The video-based training method for improving the detection of depression in residents of long term care facilities demonstrated an increase in performance of the intervention group in both knowledge assessments [29]. Direct patient benefit was not assessed so an improvement in clinical care as a use of PVC cannot be claimed. However given the good levels of satisfaction on questionnaire testing it is likely that participants would not have been averse to incorporating newly acquired learning into their day-to-day practice.

Limitations

The heterogeneity of the current published evidence made a robust narrative review extremely difficult.
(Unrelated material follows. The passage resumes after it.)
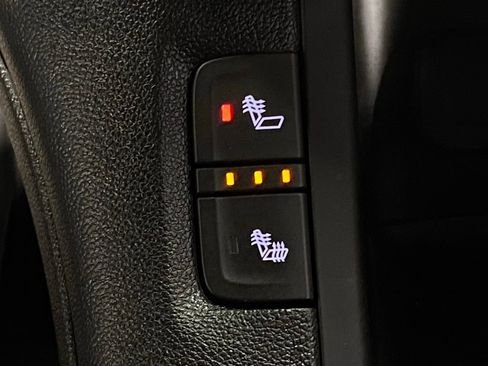 Used 2019 GMC Acadia SLT AWD/4WD image 24
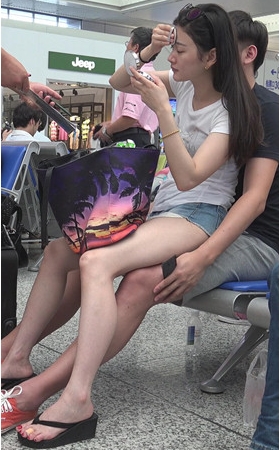 坐在男友腿上的漂亮美女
Apart from the work on how PVCs encourage discourse and critical thinking, there were no common themes in which to be able to extract information and analyse composite outcomes. This may represent difficulty in undertaking research in the field (the cost of production of video clips), the difficulty in defining valid outcome measures or publication bias due to a paucity of positive outcomes. This exemplifies the challenge that much medical education research is Action Research, research based on the instructors’ own practice.

Publication bias is unlikely to be significant as there as there is literature in which research is positive [42] regarding the use of video and online technologies but there are also negative [43] publications in existence. It would seem unlikely a particular modality of online or audiovisual learning would be subject to a different research agenda.

The main limitation of this study is the low number of articles that were found. The search strategy used was expansive although “Patient Video Clip” or similar terms are not used by all researchers in the field. It is possible terms other than those searched have been used although the number of papers missed is likely to be very small. Extraction of data was performed by a sole reviewer so it is possible so errors of typology were made although the small number of final articles has allowed extensive examination of the papers by all the authors.

Conclusion

This review process has demonstrated the diverse nature of research in determining the effectiveness of PVCs in education. Medical education occurs in a variety of environments and the complicated interplay of confounding variables makes interpretation of outcomes difficult. The following recommendations would enable the production of a standard conceptual framework to guide future research in the area.

  • Studies should classify which facet of training or educational outcome the study is aiming to explore.

  • Studies should aim to validate a particular outcome measure, preferably by reproducing previous work rather than adopting new methods.

  • A description of the validity of the chosen outcome measure should be included in study protocol.

  • Although control groups are useful for demonstrating the benefit of a PVC intervention, more evidence is needed on whether the outcome measure demonstrates construct validity.

  • Studies on PVCs should take account of cognitive theory with the cognitive processing enhancement, demonstrated in a number of the medical student papers, tested at a postgraduate level. Although pragmatic outcome measures are easier to achieve explanatory trials are needed.

  • Prior-knowledge and behaviour testing is vital to demonstrate improvement.